Euclides y otros demonios.

La trigonometría es un negocio muy cabrón y lleno de pendejadas poéticas y filosóficas; podemos aprender mucho de las rectas, elipses, parábolas y circunferencias con sus tangentes y sus cosenos.

 Pero hay algo que se me hace el dato más terrible de todos y me ha atormentado de una manera espantosa estos últimos días: Las rectas. Las tuyas, las mías. Todos somos rectas, estamos en una maraña gigantesca de rectas y no sabemos donde van a ir a dar. 



A veces pienso que las rectas paralelas son las más tristes de todas, tienen la misma pendiente y siempre van juntas pero jamás se cruzan y pueden pasar así toda la eternidad. ¿Qué sentirá la recta y = 3x + 10 al ver a su paralela tan cerca y no poderla cruzar?


¡Pero no! Las más tristes deben ser, definitivamente, las rectas perpendiculares. Se cruzan en el cuadrante exacto y durante una sola coordenada para seguir su camino y no volver a verse jamás.

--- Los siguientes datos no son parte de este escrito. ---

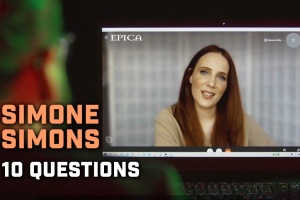 Metalshop TV vyzpovídala Simone Simons (EPICA)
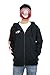 Produktbild Xcoser Kostüm Cosplay N7 Herren Hoodie Jacke Sweatshirt Aktualisierte Version (L)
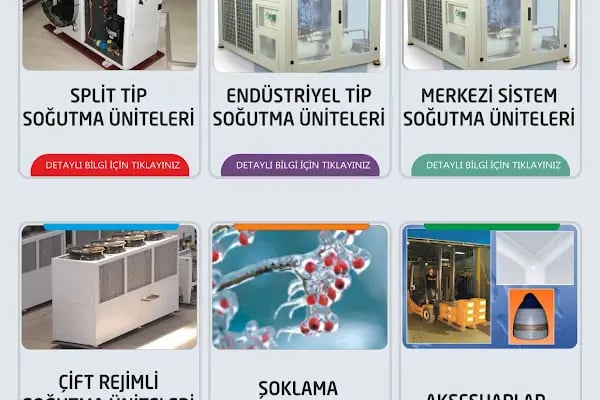 İmge Soğutma Sistemleri I Endüstriyel Soğutmada Lider - Resim 4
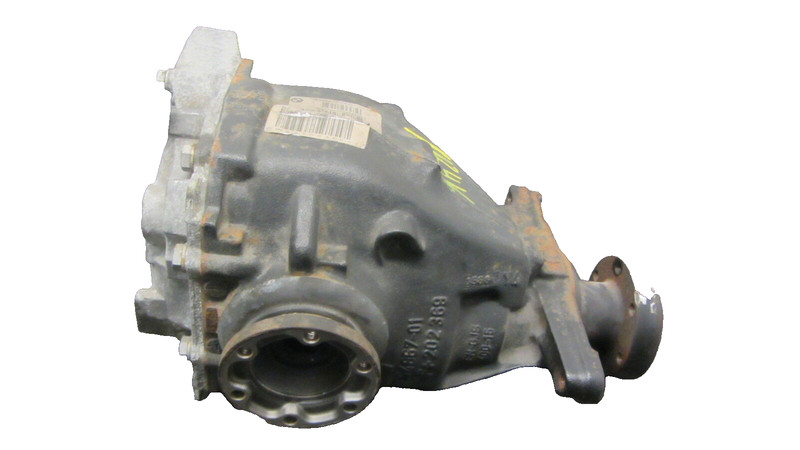 08-10 BMW E60 535Xi 528Xi REAR DIFFERENTIAL GEAR AXLE CARRIER 3.46 OEM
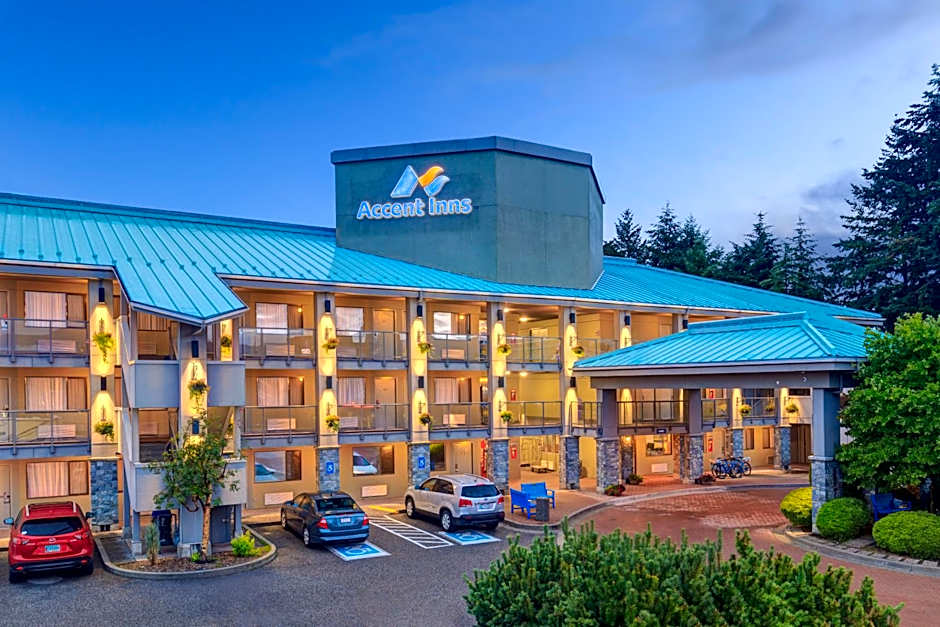 Accent Inns Kelowna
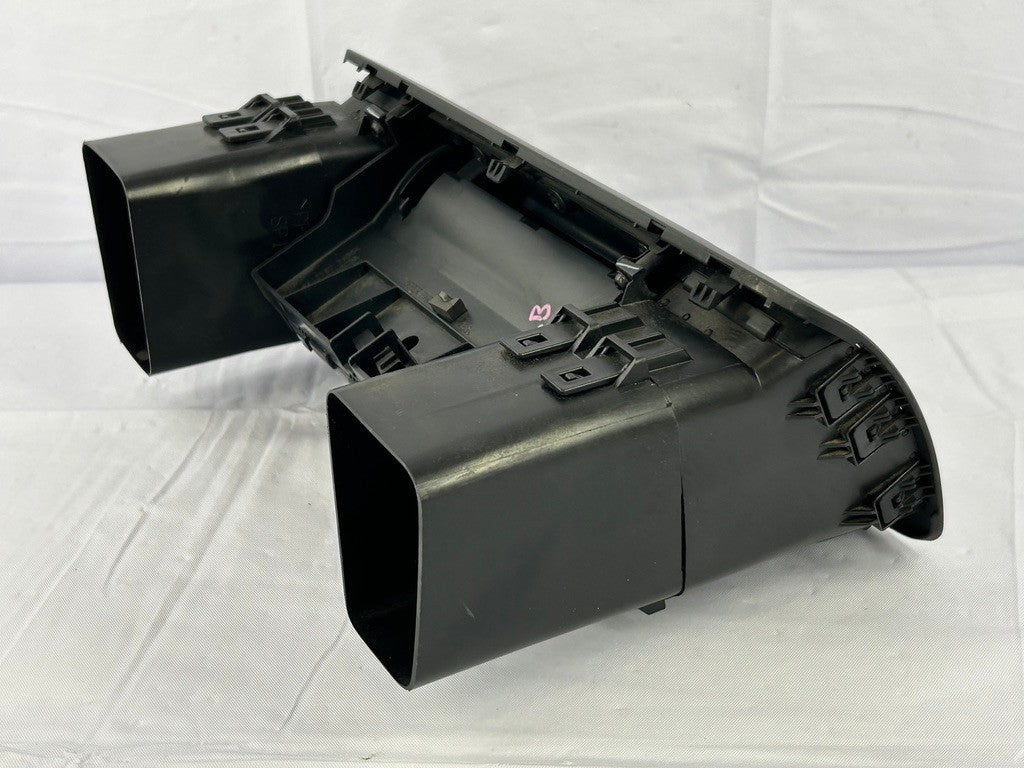 2007-2009 Subaru Outback Center Vent Cubby Clock Display 66060AG05B OEM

Por lo menos las paralelas se pueden asomar de cuando en cuando a ver a su compañera de pendiente, las perpendiculares están condenadas a un momento de gloria y de ahí a la soledad.


También pienso a menudo en las tangentes que se aproximan bastante a un círculo y nadie sabe si en realidad lo toca o no, digo, ¿En un sólo punto? ¡Mejor que se aleje! Bueno, al menos no son tan terribles como las secantes, a esas no les importa si tienes tu circunferencia completa, ellas llegan, te hacen un desmadre y no vuelves a estar completo.

Yo por eso digo, que lo mío, lo mío, lo mío, son las elipses. Sólo por la excentricidad.